Material for this exercise.
—————

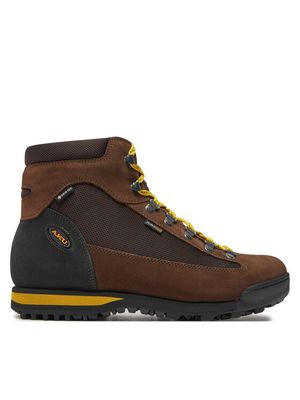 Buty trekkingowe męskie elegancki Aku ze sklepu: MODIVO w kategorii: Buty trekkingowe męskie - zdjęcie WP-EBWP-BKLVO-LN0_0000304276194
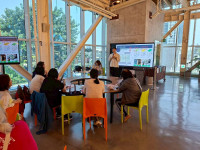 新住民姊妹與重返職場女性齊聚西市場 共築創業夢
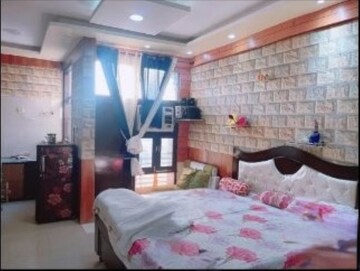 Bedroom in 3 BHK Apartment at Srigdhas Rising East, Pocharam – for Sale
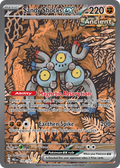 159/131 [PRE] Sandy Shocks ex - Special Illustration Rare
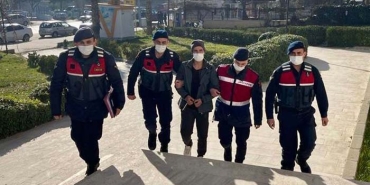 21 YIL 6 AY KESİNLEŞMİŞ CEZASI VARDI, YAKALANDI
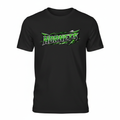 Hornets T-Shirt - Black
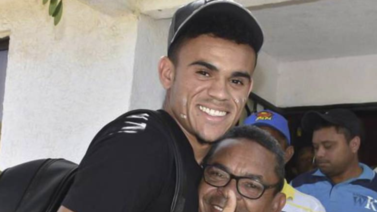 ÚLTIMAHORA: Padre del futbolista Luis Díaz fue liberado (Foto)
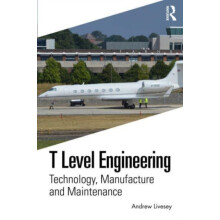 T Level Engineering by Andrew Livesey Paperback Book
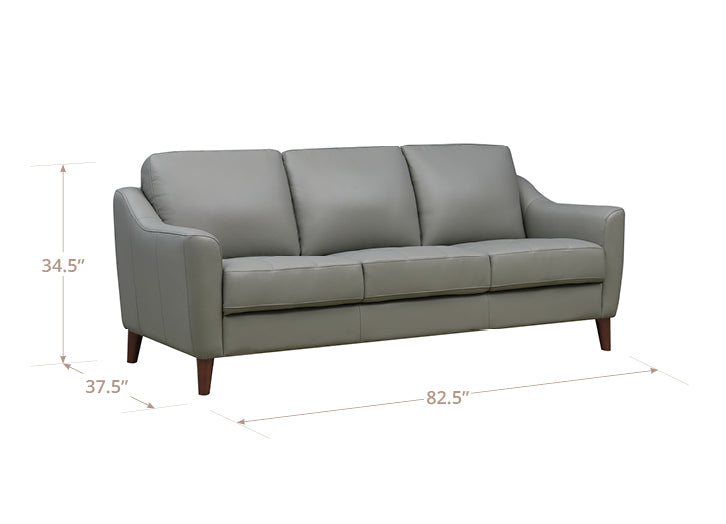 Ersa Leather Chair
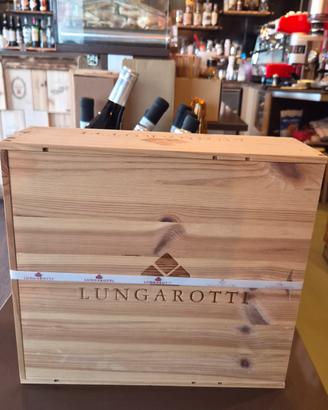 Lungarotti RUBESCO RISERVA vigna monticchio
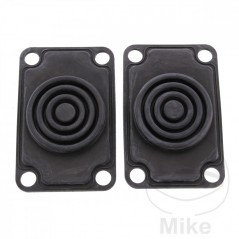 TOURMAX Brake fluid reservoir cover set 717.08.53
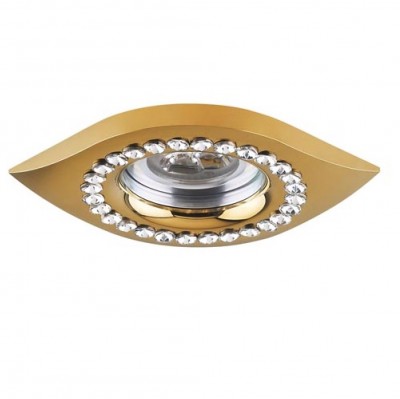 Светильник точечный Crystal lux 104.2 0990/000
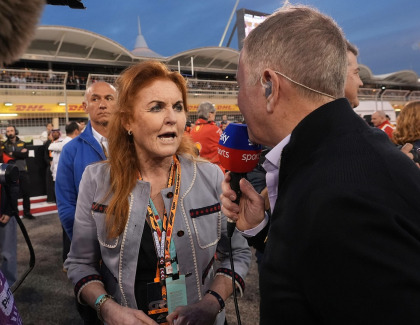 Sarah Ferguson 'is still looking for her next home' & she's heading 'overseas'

—————

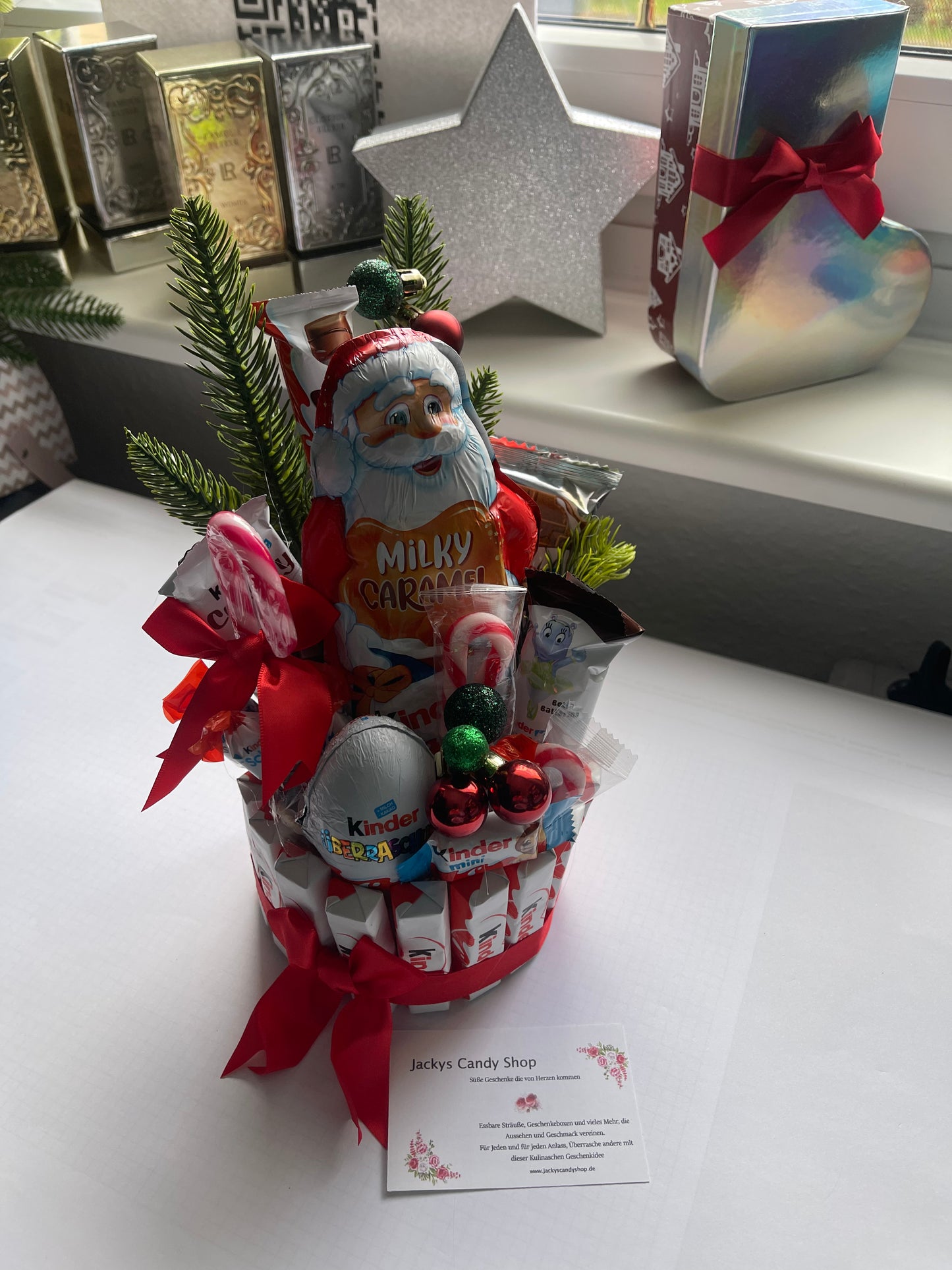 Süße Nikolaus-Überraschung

—————

The task.
Copy exactly the lines of the listing above between the one holding "新住民姊妹與重返職場女性齊聚西市場 共築創業夢" and the one holding "Sarah Ferguson 'is", inclusive; omit all pictures.

Output of the exercise.
 新住民姊妹與重返職場女性齊聚西市場 共築創業夢
 Bedroom in 3 BHK Apartment at Srigdhas Rising East, Pocharam – for Sale
 159/131 [PRE] Sandy Shocks ex - Special Illustration Rare
 21 YIL 6 AY KESİNLEŞMİŞ CEZASI VARDI, YAKALANDI
 Hornets T-Shirt - Black
 ÚLTIMAHORA: Padre del futbolista Luis Díaz fue liberado (Foto)
 T Level Engineering by Andrew Livesey Paperback Book
 Ersa Leather Chair
 Lungarotti RUBESCO RISERVA vigna monticchio
 TOURMAX Brake fluid reservoir cover set 717.08.53
 Светильник точечный Crystal lux 104.2 0990/000
 Sarah Ferguson 'is still looking for her next home' & she's heading 'overseas'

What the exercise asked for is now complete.